The wall sockets here are standard 3 pin UK sockets and run on standard UK voltage. If you bring any appliance from the UK it will work without the need for an adaptor.


----------



## sgilli3 (Mar 23, 2008)

crazymazy1980 said:


> I think we've both misunderstood one another
> 
> The wall sockets here are standard 3 pin UK sockets and run on standard UK voltage. If you bring any appliance from the UK it will work without the need for an adaptor.


I think we may have misunderstood each other.
Perhaps I should have put Liquid8urns question in my answer, as it was him (?) I was answering re: his query about Aussie electricals.


----------



## grandesigner (Oct 5, 2008)

Afternoon.

Can I get three pin(in the wall) to 2 pin adaptors over there. All my stuff is continental 2 pin. I've just found an old shaving plug, but cant get those here(spain).

Also, when I bring my laptop thru customs, do they start it up and check for all the stuff they dont want you to have? 

Cheers


----------



## Elphaba (Jan 24, 2008)

grandesigner said:


> Afternoon.
> 
> Can I get three pin(in the wall) to 2 pin adaptors over there. All my stuff is continental 2 pin. I've just found an old shaving plug, but cant get those here(spain).
> 
> ...


Adaptors are readily available and are cheap. We all have loads as despite sockets being 3 pin, most electrical goods for sale come with a two pin plug. 

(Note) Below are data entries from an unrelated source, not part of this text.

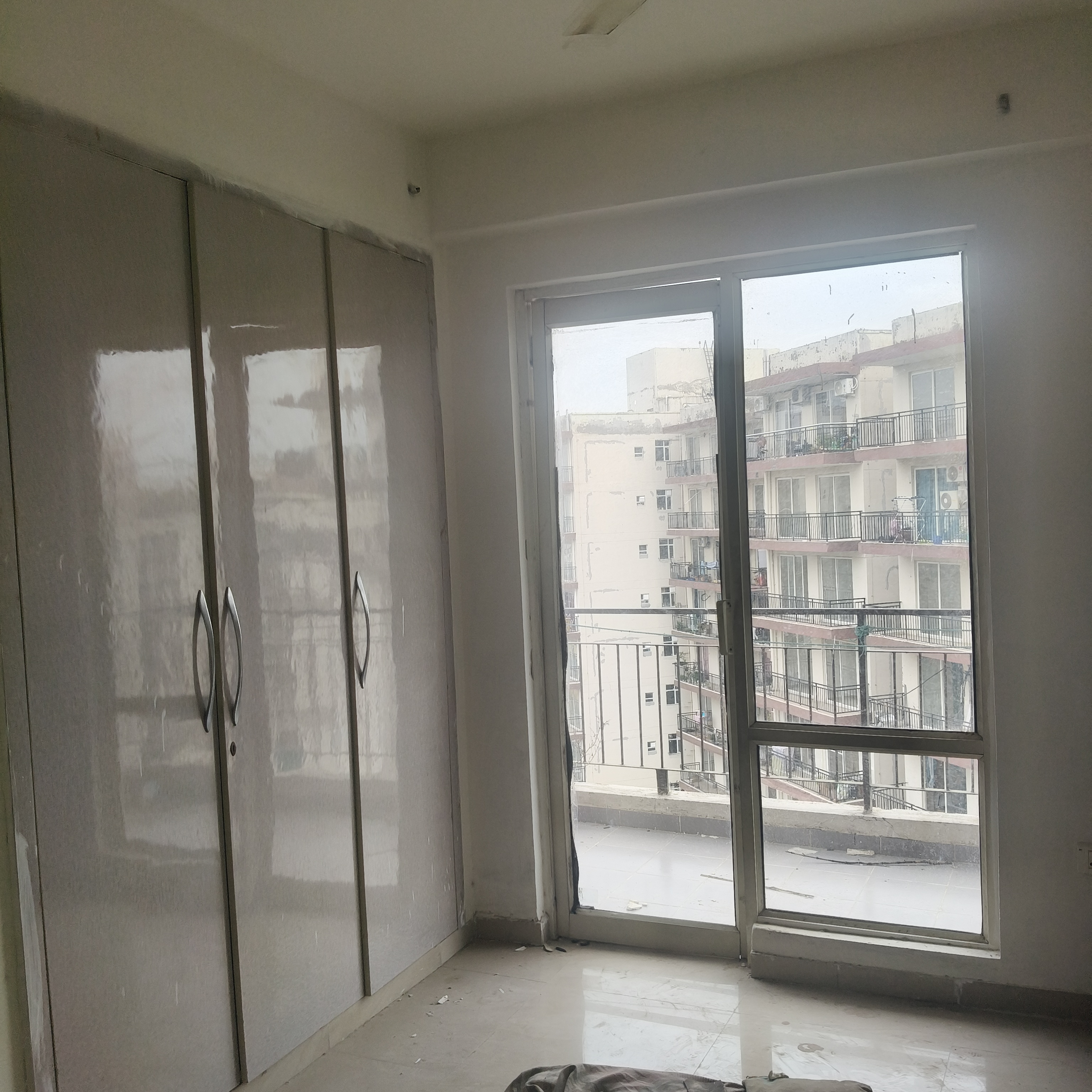 2 BHK Apartment For Rent in ROF Aalayas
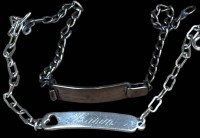 Auktion 367<br>2x kl. Identit&auml;tsarmb&auml;nder, Silber-925-, 1x Gravur "Karin", L-ca. 18 cm, zus. 8 gr
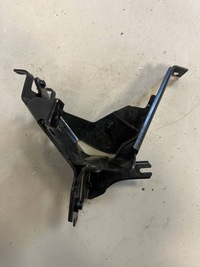 фото thumb №1, Renault austral 1,2 e-tech кронштейн кронштейн 671b87145r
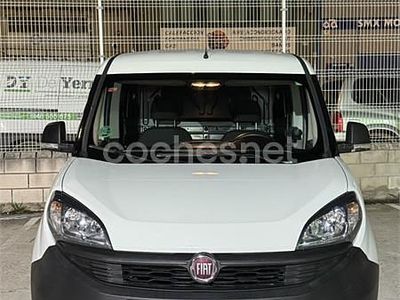 Blanco Usado 2011 Fiat Doblò Monovolumen | 7999 € (Caro)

Customs rarely check laptops, but assume that they might.

-


----------



## grandesigner (Oct 5, 2008)

Customs rarely check laptops, but assume that they might.

-[/QUOTE]

Very wise,Thanks


----------



## crazymazy1980 (Aug 2, 2008)

grandesigner said:


> Customs rarely check laptops, but assume that they might.
> 
> -


Very wise,Thanks[/QUOTE]

(SNIP)

http://www.onlinesecurityauthority....out-encryption-and-making-your-system-secure/

Added a different link now, hopefully this does not offend the Mods


----------



## liquid8urn (Oct 7, 2008)

When you say 'they check laptops', what exactly do they do? I've been travelling for years with my laptop (twice through the UAE), never checked except under the x-rays... isn't there a privacy of data law?


----------



## Elphaba (Jan 24, 2008)

liquid8urn said:


> When you say 'they check laptops', what exactly do they do? I've been travelling for years with my laptop (twice through the UAE), never checked except under the x-rays... isn't there a privacy of data law?

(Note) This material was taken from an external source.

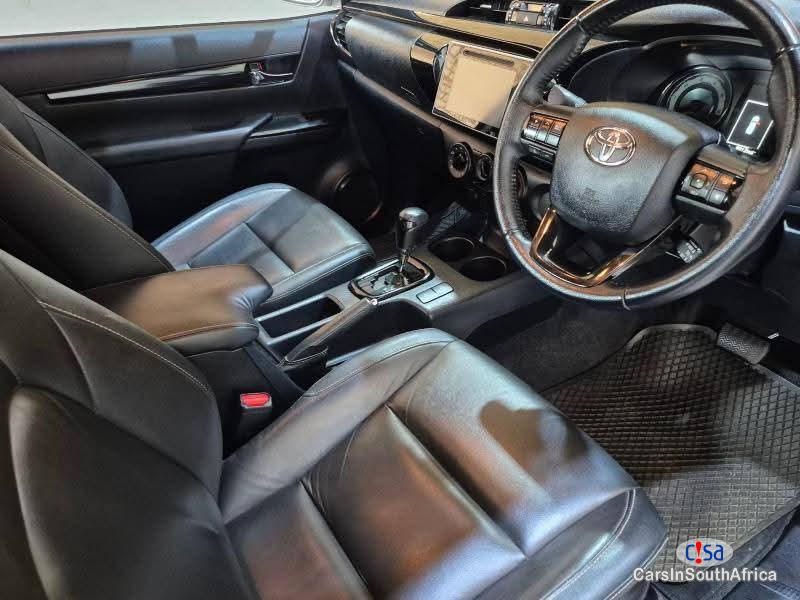 Toyota Hilux Automatic 2018 - image 10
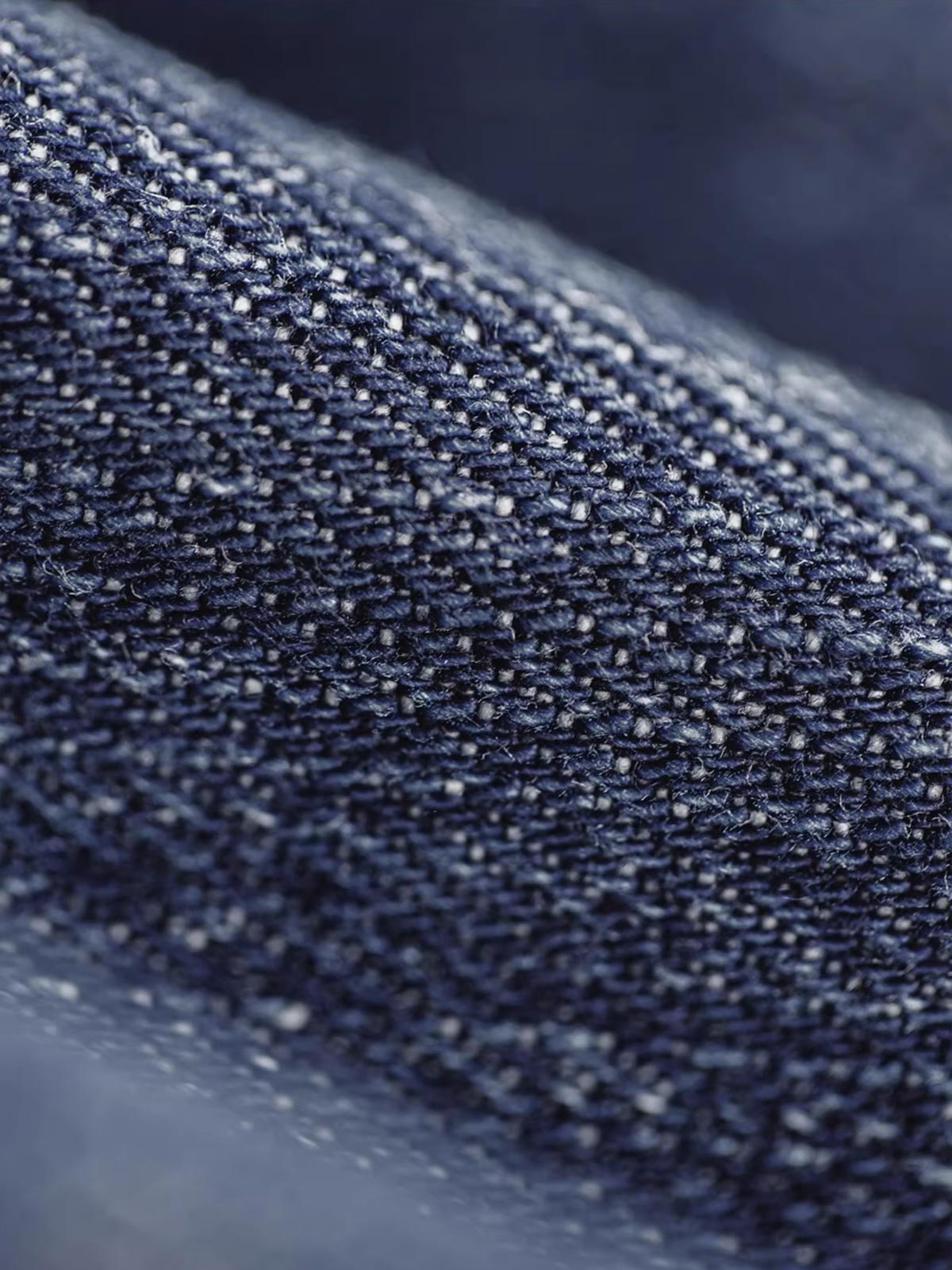 詳細画像: デニムロガーパンツの多ポケット詳細図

This is the UAE. The Government can do pretty much what it likes. No democracy here.

There is always the possiblilty that customs officials can go through the data stored on your laptop if they think you may have data that is inconsistant with the social and moral values of the UAE.

-


----------



## liquid8urn (Oct 7, 2008)

Thanks Elphaba.


----------